====== EXERCISE INPUT

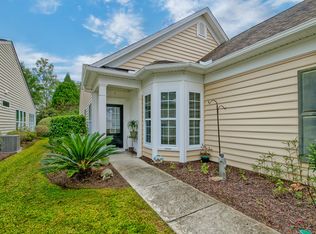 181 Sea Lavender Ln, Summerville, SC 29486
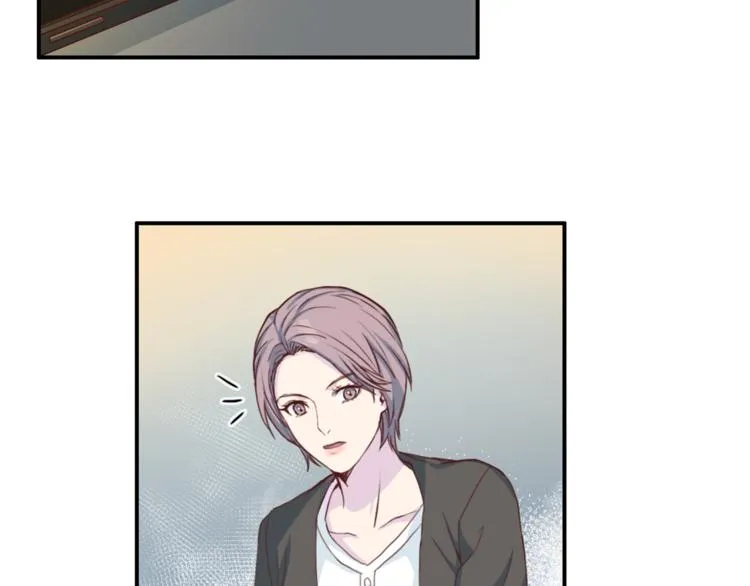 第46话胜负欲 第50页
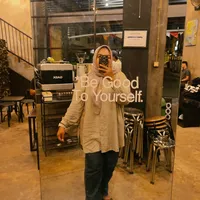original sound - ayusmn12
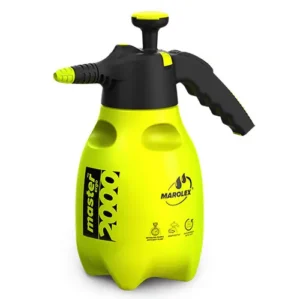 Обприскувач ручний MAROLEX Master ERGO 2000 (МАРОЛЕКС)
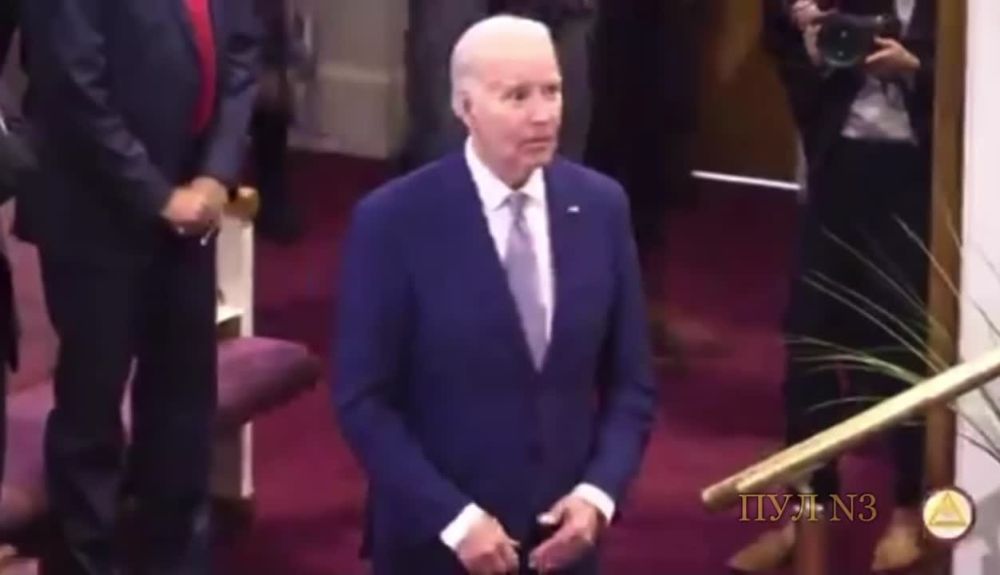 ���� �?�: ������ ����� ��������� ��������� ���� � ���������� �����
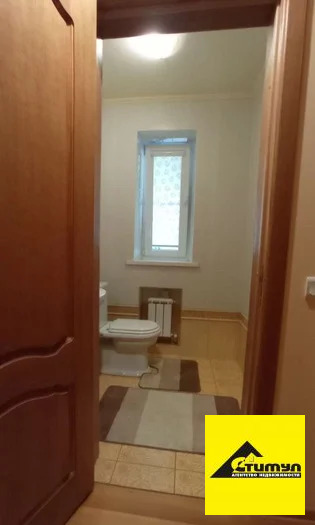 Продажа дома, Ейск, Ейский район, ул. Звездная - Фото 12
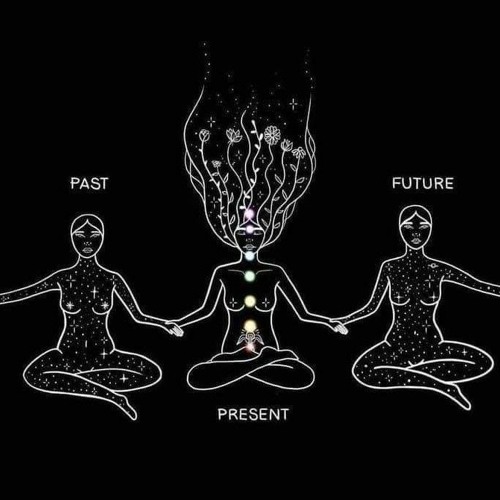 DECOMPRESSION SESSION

============

WHAT THE TASK REQUIRES: Set down exactly the lines of the entries above from the one holding "Обприскувач ручний MAROLEX" through the last one, including both, with the pictures left out.

YOUR RESPONSE:
 Обприскувач ручний MAROLEX Master ERGO 2000 (МАРОЛЕКС)
 ���� �?�: ������ ����� ��������� ��������� ���� � ���������� �����
 Продажа дома, Ейск, Ейский район, ул. Звездная - Фото 12
 DECOMPRESSION SESSION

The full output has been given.